BSM RG Treble Booster
The BSM RG Rory Gallagher tribute model is based on the British HORNBY-SKEWES unit first issue produced early 1967, used by Ritchie Blackmore, the brilliant and impulsive guitarist of Deep Purple. The unit produces a powerful and biting sound that was used to help create the epochal masterpieces e.g. "Deep Purple In Rock" and "Fireball". The long yearned new edition was issued under the name HS from BSM, including the same germanium transistors as the original 1967 version. The RG Rory Gallagher tribute model is basically a HS-C Custom, modified to nail Rory Gallaghers signature tone, known from his famous recordings like "Big Guns" or "Lonesome Highway". Compared to the HS-C Custom, the RG Rory Gallagher tribute model offers more gain for a more punchy sound with a good crunch. The RG Rory Gallagher tribute model, includes the same volume control, like Blackmore's modification on his treble booster. When dialed about halfway, you will achieve Gallaghers sound from his early records like "Deuce", "Live in Europe" and "Against The Grain". If you use a guitar with PAF style humbuckers, reduce the guitar's volume from 10 to 7 and set the PRA's volume to 50% to get this earthy, rough early/mid 70's R&B sound from the "Faces" (Ron Wood on guitar and Rod Stewart's vocals).

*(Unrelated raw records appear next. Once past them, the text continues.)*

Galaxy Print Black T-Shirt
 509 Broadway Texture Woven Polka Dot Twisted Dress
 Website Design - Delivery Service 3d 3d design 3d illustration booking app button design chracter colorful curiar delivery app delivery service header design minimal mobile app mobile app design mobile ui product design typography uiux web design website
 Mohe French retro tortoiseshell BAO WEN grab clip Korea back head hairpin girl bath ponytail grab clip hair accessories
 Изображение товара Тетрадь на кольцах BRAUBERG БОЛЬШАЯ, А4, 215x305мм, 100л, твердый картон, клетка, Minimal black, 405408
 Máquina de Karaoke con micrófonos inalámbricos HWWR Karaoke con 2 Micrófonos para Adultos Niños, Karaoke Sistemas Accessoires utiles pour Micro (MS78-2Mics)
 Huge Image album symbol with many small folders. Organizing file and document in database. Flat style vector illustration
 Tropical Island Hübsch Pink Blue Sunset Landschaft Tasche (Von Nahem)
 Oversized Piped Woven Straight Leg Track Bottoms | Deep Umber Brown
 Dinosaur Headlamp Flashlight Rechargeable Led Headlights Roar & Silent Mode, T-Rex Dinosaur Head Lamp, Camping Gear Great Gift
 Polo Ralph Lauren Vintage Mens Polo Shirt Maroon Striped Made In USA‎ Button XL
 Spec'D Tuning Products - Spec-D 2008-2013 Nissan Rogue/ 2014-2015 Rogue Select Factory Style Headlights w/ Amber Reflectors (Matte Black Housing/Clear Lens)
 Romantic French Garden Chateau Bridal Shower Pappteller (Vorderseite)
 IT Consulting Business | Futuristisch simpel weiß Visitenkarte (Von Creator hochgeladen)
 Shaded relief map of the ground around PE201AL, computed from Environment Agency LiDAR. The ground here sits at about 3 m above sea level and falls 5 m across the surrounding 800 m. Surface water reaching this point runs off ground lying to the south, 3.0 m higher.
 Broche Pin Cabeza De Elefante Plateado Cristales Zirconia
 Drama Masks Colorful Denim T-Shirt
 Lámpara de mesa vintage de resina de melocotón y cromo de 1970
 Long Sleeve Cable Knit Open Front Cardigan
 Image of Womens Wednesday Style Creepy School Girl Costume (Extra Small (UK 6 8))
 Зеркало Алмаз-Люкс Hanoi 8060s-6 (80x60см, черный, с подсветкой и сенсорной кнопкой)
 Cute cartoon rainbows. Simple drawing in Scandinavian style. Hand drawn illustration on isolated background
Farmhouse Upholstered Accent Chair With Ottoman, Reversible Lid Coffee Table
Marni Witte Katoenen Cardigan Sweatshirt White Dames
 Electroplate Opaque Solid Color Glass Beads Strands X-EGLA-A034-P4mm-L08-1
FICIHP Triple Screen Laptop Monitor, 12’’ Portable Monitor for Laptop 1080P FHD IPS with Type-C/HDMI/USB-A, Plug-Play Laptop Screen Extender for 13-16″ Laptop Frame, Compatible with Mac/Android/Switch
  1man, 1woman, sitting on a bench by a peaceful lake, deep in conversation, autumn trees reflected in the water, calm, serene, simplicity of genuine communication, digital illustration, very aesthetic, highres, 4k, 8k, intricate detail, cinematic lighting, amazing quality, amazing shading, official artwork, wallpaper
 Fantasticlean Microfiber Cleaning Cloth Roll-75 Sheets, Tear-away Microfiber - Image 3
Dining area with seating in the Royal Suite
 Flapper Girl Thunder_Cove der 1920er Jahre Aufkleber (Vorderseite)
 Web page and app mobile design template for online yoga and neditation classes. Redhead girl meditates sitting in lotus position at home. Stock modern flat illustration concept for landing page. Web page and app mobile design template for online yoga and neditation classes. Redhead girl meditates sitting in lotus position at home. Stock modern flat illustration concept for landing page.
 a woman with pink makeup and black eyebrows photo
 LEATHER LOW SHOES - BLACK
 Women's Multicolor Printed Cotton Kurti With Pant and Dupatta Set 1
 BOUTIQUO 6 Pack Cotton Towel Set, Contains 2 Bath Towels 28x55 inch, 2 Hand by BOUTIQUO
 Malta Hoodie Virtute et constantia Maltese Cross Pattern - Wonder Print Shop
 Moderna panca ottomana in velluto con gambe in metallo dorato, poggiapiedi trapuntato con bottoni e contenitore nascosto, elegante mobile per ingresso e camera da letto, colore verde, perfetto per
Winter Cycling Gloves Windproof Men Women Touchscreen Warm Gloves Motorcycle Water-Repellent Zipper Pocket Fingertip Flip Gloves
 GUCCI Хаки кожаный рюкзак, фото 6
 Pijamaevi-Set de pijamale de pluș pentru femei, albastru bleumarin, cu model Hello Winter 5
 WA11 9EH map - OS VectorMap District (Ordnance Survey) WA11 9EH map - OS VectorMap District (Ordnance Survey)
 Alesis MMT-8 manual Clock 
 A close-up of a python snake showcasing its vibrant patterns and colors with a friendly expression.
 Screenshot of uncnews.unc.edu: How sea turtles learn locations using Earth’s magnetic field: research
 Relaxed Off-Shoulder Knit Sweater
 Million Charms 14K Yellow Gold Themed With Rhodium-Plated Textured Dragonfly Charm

Almost all British rock guitarists using single coil pickup guitars used a germanium Treble Booster from the late 60's to the mid 70's. By the end of the seventies, the Treble Booster was replaced by a new circuit from Japan, the so called Tube Screamer and other similar overdrive circuits. These were based on the old Treble Boosters and therefore had a very similar frequency response. The germanium boosters on the other hand, sadly fell into oblivion despite their unique and inimitable sound. The RG Rory Gallagher tribute Treble Booster has been specifically designed for single coil pickups with a relatively low coil inductance, such as pickups in Fender, Rickenbacker, Burns or Vox guitars. On these pickups, the RG Rory Gallagher tribute model produces (with the volume control of the guitar turned up to the max) a fat, biting and penetrating lead sound, without any shrill characteristics. By lowering the guitar's volume control, many shades of crunch can be easily dialed in. Another thing to consider is that when a guitar amp's volume is turned up (reaching saturation), the power amp normally begins to mute the highs, which results in a duller sound. At an amp's full tilt, the RG Rory Gallagher tribute Treble Booster allows a more transparent tone (covering the entire frequency range) to shine through. The presence control on the amp need only be minimally used (if at all). When vintage amps are used (such as the Fender Deluxe, Fender Bassman, Vox AC30, Plexi Marshall 100w or Marshall Major) it is amazing what effect the use of a good treble booster has. It is also of interest to note, that Rory Gallagher played a standard Fender Strat into a VOX AC30 "top-boost" amp. The only stompbox he used, was his treble booster. After he used a Rangemaster for some time, he switched to the rare Hawk booster, which was very similar compared to the much more common Hornby-Skewes.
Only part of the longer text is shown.